Quand on rentre dans la salle du Théâtre municipal de Tunis, on est frappé par la scénographie et cette immense mur de vêtements suspendus. Comment tu as pensé la scénographie ? 

À la première étape de création, dans des moments d’improvisations, je demandais aux danseurs d’essayer de se débarrasser de leurs craintes, d’y faire face, et de voir comment ils pouvaient les affronter. Il y a un des danseurs qui dans la recherche a commencé à déchirer ses vêtements, à les retirer, et je lui ai dit « mais on parle de peur, pourquoi tu veux te déshabiller ? » et il me dit qu’en fait pour lui la peur, c’est quelque chose qui nous suit tous les jours, qu’il porte sur lui tout le temps et donc c’est ça qui est représenté par son habit.
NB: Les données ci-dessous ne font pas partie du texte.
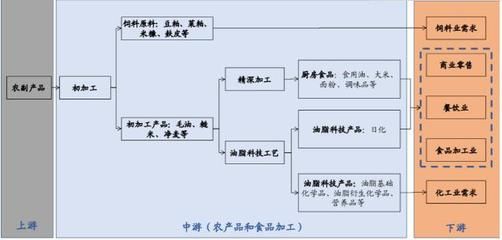 農(nóng)業(yè)政策如何影響金龍魚成本：金龍魚價格波動對金龍魚的影響 金龍魚百科 第4張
Selon lui, ça faisait sens de se débarrasser de son habit, de l’enlever pour se libérer de ses angoisses. Pour moi, cette explication rentrait en connotation avec l’idée de l’ombre qui nous suit constamment dans notre vie et qui peut-être relayé par l’habit que l’on porte tous les jours. Donc on a travaillé ça, et j’ai voulu rajouter des vêtements encore, encore, et à la dernière étape, j’ai rêvé ce grand mur que l’on appelle le mur de la peur, sur lequel dans l’imaginaire, des gens viennent enlever leurs craintes et les accrocher. 

Ce mur, c’est aussi un lieu de rituel où les gens viennent non seulement se débarrasser de leurs peurs, mais cherchent aussi à les apprivoiser, un peu comme le mur des lamentations. C’est toute cette symbolique-là, autour de ce mur.

Dans la pièce, il y a une partie qui m’a vraiment marqué, le moment où il y a la musique traditionnel avec un chant. À la suite de la représentation, tu m’expliquais que c’était toi qui chantait en live, caché dans la cabine du théâtre. Peux-tu m’en dire plus sur ce tableau ? 

Ce moment de la pièce est très important pour moi, car c’est le moment où les danseurs, après tout ce temps passé chacun dans sa lutte, décident d’aller affronter ensemble leurs peurs. Quand on était en résidence, il y a un événement qui s’est produit et qui a suscité cette partie de la pièce. Je rentrais à la maison, le soir vers 19h et il y avait dans mon quartier un groupe de jeune qui poursuivait un bélier et moi, je rentrais dans la ruelle, quand le bélier a foncé sur moi, mais comme j’avais le phare de la moto qui l’éblouissait, le bélier s’est arrêté, mais en position de défense, près à foncer. Je me suis arrêté et les autres qui le poursuivaient se sont arrêtés aussi. Cette scène m’a connecté à quelque chose de très très puissant. Le bélier avait peur comme on le poursuivait, mais à un moment donné, il s’est rendu compte que même s’il continuait de fuir, les gars allaient le poursuivre donc il s’arrête, se prépare et attaque. Il y a une chanson traditionnelle de chez moi, qui dit que le bélier quand il va affronter quelque chose, soit ça passe ou ça casse, il n’a pas peur pour sa tête. Je me suis dit qu’il fallait que ce moment soit représenté dans la pièce. Dans la bande son, j’ai voulu enchaîner des musiques de résilience, qui sont chantées dans la tradition togolaise, à des moments d’adversités, des moments durs. Ce sont des chansons motivantes qui te poussent à prendre courage et à aller de l’avant. Il y a aussi des moments d’incantations que je fais dans la chanson, qui font des éloges à nos ancêtres, et je remercie les dieux de la terre et du ciel. 

Pour finir, peux-tu nous dire quels sont tes futurs projets ? 

Je démarre une nouvelle création pour 2024, la première étape de recherche est en juin, et c’est une pièce qui veut questionner les gestuelles et les corps dans les métiers artisanaux. Donc on va faire des recherches auprès des forgerons, des tisseurs, des pêcheurs et des femmes qui font l’huile de palme d’une façon très traditionnelle au Togo.